Roughly Right or Precisely Wrong

I have a love-hate relationship with historical market data.

On the one hand, since we can’t predict the future, calculating probabilities from the past in the context of the present situation is our only hope when it comes to setting expectations for financial markets.

On the other hand, an overemphasis on historical data can lead to overconfidence if makes you believe that backtests can be treated as gospel.

In some ways markets are predictable in that human nature is the one constant across all environments. This is why the pendulum is constantly swinging from manias to panics.

In other ways markets are unpredictable because stuff that has never happened before seems to happen all the time.

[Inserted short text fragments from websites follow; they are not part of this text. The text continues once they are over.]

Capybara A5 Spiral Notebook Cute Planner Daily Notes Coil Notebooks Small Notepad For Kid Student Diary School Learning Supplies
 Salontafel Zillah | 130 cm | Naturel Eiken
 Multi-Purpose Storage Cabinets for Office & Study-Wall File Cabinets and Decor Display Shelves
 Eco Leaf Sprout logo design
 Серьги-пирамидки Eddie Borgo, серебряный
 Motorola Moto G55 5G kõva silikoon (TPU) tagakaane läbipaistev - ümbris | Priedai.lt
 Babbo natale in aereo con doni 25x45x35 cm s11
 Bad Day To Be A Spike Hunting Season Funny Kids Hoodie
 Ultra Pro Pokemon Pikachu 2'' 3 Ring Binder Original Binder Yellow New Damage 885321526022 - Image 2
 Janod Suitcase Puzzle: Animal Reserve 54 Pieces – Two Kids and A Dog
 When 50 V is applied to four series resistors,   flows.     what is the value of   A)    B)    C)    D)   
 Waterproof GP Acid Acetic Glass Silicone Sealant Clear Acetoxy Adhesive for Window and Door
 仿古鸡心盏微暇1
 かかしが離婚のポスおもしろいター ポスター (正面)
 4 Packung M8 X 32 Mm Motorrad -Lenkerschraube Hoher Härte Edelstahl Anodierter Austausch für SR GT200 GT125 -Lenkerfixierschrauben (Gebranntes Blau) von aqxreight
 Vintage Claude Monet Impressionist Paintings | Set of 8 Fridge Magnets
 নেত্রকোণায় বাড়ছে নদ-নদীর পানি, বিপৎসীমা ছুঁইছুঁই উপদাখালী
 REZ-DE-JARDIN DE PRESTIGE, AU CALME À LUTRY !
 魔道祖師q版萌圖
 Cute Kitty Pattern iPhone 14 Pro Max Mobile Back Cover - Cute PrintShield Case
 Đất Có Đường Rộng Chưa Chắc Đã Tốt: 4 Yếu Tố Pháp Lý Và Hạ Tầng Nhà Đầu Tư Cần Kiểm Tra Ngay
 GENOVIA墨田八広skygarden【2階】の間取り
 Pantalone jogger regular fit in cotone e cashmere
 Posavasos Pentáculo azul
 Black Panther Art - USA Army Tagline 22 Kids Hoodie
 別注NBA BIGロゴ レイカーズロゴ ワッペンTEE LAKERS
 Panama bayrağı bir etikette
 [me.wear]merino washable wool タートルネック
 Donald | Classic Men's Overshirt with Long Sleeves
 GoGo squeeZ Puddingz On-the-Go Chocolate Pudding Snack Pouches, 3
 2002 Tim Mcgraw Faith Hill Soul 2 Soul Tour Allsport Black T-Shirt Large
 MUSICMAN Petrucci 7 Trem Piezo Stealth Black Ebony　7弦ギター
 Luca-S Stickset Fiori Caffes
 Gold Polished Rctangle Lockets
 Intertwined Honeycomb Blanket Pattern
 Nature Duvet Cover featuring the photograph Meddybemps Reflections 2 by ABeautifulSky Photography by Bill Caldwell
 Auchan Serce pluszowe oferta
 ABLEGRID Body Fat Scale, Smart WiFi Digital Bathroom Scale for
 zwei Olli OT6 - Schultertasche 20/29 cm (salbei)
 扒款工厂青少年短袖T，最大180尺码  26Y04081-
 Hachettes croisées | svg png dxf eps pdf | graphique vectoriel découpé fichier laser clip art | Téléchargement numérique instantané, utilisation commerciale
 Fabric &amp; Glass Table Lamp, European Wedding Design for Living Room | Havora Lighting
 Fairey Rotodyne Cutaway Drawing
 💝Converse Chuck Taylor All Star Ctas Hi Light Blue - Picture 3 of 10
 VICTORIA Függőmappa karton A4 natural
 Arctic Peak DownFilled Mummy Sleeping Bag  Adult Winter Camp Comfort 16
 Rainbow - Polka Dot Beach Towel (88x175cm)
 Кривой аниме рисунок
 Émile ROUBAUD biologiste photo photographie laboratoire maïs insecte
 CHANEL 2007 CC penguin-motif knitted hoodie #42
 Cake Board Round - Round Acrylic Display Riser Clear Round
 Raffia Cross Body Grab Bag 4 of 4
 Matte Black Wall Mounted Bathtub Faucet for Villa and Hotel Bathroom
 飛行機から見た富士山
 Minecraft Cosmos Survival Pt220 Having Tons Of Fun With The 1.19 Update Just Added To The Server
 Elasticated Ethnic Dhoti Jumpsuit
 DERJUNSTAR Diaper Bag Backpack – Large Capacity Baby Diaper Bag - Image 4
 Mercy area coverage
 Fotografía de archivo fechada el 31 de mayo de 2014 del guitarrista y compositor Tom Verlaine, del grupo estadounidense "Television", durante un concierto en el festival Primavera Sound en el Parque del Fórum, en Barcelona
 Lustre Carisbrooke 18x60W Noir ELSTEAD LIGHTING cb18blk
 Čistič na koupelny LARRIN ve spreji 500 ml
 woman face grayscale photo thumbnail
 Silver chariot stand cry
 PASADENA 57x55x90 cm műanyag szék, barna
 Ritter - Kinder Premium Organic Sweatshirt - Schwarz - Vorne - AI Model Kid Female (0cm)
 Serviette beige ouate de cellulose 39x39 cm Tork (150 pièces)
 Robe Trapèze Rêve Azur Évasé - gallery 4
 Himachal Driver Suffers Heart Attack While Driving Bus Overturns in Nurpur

I like the old saying that I would rather be roughly right than precisely wrong.

Historical market data doesn’t tell you what’s going to happen when it comes to investment outcomes but it can help you understand a wider range of potential risks.

It can also show you the magic of compounding when it comes to the stock market if you get too caught up on the risk side of the equation.

YCharts has a tool called Scenario Builder that allows you to look at the impact of investments, contributions and withdrawals on different holdings and asset allocations over time.

Here’s a simple one:

Let’s say you put $5,000 into the initial S&P 500 ETF (SPY) right around when it started at the beginning of 1994. On top of that you also contribute $500/month into the fund.

Simple right?

Here’s what this scenario looks like:

Not bad.

This is the summary:

  • Initial investment (start of 1994): $5,000
  • Monthly investment: $500
  • Total investments: $181,000
  • Ending balance (April 2023): $915,886

Plenty of volatility along the way but this simple dollar cost averaging strategy would have left you with a lot more money than you initially put into it.

Even though things worked out swimmingly by the end of this scenario there were some dark days along the way.

You can see on the chart where the purple line dips below the blue line in 2009 by the end of the stock market crash from the Great Financial Crisis.

By March of 2009 you would have made $96,000 in contributions with an ending market value of a little more than $94,000.

So that’s more than a decade-and-a-half of investing where you ended up underwater.

It wasn’t prudent but I understand why so many investors threw in the towel in 2008 and 2009. Things were bleak.

Everything worked out phenomenally if you stuck with it but investing in stocks can be painful at times.

A lost decade sandwiched between two bull markets with a sprinkle of a bear market toward the end worked out nicely using these assumptions.

Just for fun, let’s reverse this scenario to see what would happen if you started out in 1994 with the same ending balance but now you’re taking portfolio distributions.

Like this:

  • Initial balance (start of 1994): $915,886
  • Annual portfolio withdrawal: 4% of portfolio value

I know this isn’t exactly the 4% rule since the 4% rule assumes you set the initial draw at 4% and then increase that amount by some inflation rate. But we’re just having fun here to see how things look using different assumptions.

Here’s the chart:

An ending balance of more than $4 million while spending $1.7 million along the way from a starting point of a little less than $1 million is pretty, pretty good.

The usual caveats apply here — past performance says nothing about future performance, no one actually invests in a straight line like this, no one invests in a single fund like this, no one uses this type of withdrawal strategy in retirement nor do they invest 100% in stocks while doing so, etcetera, etcetera, etcetera.

But I do like the idea of trying things on for size when it comes to stuff like this.

Life never works out like a spreadsheet or retirement calculator or scenario analysis tool.

Things change. People make or spend more or less money. Markets, contributions or withdrawals never occur in a linear fashion.

Life is lumpy. Finances change. Risk appetite evolves. Things become complicated.

But it’s not a bad idea to map things out a little when it comes to your portfolio, budget, savings, spending or anything in between.

The future never turns out exactly like you think it will but there is nothing wrong with setting some goalposts and then performing course corrections along the way as reality comes in better or worse than expected.

Every investment plan should involve setting expectations and thinking through scenarios that may or may not actually happen.

This is why financial planning is a process and not an event.

You have to be willing to update and evolve when things work out better or worse than expected.